The global cost of the Code Red worm has topped $2.6 billion, according to Computer Economics.

An estimated $1.1 billion was spent cleaning infected servers and another $1.5 billion has been attributed to downtime and lost productivity.

Dubbed a "blended threat", because it is multifaceted in its operating methods and effects, Symantec Australia managing director John Donovan said Code Red's discovery was hampered because there was no outward indication of its presence on Microsoft's Internet Information Server (IIS).

"Infected servers did not crash and blended threats need a much more comprehensive security solution to provide multiple layers of defence," he said.

Code Red is able to launch a Denial of Service (DoS) at a designated IP address, deface Web servers and, with Code Red II, leave a Trojan horse behind for later execution.

"The nature of the initial Code Red attack, processing on memory rather than on a hard disk, allowed it to evade detection by most antivirus products," Donovan said.

Typically, viruses require some human intervention in order to spread such as sending an infected file to another user. However, blended threats are automated like a worm continuing to spread without human intervention.
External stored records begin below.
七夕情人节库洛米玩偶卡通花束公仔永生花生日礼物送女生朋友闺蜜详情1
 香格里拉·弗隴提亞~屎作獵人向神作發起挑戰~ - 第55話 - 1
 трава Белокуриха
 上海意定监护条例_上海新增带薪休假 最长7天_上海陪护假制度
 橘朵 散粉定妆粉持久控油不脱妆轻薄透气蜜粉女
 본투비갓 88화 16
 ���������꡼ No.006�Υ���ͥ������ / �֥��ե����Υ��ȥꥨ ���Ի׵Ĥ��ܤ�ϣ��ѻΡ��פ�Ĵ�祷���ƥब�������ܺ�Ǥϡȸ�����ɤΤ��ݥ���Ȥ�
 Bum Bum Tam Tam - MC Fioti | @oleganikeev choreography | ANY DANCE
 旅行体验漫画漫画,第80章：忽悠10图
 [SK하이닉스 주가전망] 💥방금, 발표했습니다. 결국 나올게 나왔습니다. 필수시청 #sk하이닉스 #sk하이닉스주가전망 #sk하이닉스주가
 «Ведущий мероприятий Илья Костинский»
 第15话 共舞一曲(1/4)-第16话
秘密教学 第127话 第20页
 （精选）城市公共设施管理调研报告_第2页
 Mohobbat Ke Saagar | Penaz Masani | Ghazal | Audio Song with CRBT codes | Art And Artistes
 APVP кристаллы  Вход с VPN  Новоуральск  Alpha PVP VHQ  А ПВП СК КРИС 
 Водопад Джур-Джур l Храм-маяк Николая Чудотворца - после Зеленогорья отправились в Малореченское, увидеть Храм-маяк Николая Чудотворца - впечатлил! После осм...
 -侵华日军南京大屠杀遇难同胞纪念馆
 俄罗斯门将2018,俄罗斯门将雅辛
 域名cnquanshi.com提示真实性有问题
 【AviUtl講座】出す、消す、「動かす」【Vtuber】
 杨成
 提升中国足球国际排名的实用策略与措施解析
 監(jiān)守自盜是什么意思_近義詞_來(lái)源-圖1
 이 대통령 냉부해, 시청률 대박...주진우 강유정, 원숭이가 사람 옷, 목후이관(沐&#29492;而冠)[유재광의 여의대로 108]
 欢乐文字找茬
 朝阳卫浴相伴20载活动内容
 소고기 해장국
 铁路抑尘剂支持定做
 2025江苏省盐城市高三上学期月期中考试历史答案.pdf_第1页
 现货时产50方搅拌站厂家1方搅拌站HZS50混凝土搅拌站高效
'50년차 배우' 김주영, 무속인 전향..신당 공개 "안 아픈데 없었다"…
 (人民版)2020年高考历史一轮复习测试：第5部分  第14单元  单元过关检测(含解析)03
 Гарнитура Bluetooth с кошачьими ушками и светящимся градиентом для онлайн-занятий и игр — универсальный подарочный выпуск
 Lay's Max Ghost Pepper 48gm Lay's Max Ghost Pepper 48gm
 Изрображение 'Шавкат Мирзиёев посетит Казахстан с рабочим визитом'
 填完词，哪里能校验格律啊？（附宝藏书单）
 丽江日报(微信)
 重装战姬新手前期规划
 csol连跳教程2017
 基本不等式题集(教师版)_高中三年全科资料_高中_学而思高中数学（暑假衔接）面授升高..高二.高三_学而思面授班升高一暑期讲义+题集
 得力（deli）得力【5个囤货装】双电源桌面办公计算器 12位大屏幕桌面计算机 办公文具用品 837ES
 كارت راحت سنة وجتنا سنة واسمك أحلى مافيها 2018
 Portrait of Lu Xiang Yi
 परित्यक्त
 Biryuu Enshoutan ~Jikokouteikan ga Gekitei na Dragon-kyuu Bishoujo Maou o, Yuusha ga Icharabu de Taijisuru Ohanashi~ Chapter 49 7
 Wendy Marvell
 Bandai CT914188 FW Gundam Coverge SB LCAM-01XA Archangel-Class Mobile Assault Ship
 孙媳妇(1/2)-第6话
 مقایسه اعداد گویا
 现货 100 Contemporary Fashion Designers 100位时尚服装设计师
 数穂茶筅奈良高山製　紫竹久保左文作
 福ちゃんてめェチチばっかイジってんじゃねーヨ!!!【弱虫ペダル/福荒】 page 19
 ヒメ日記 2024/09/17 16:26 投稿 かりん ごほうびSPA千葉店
Donovan said blended threats exploit known vulnerabilities such as buffer overflows and many systems are not up to date with the latest patches.

Nimda is another example of a blended threat and Donovan said simply visiting Web pages of compromised Web servers can infect users.

"It could also propogate via e-mail and attack hard disks of systems that had enabled file-sharing over the network. From a coverage perspective Nimda demonstrated a follow-the-sun pattern, appearing first in the US then migrating to Asia and Europe," he said.

"Implementing best practices in a consistent, on-going manner is the best defence against infection to minimise harm. This includes removing unneeded services, keeping patches up to date and enforcing strong passwords."

Donovan said strong passwords should be at least eight characters in length, should include alphabetical, numerical and special characters and should be changed regularly.

He said IT shops should combine a defensive barrier that includes antivirus, content filtering, firewall, vulnerability management and intrusion detection.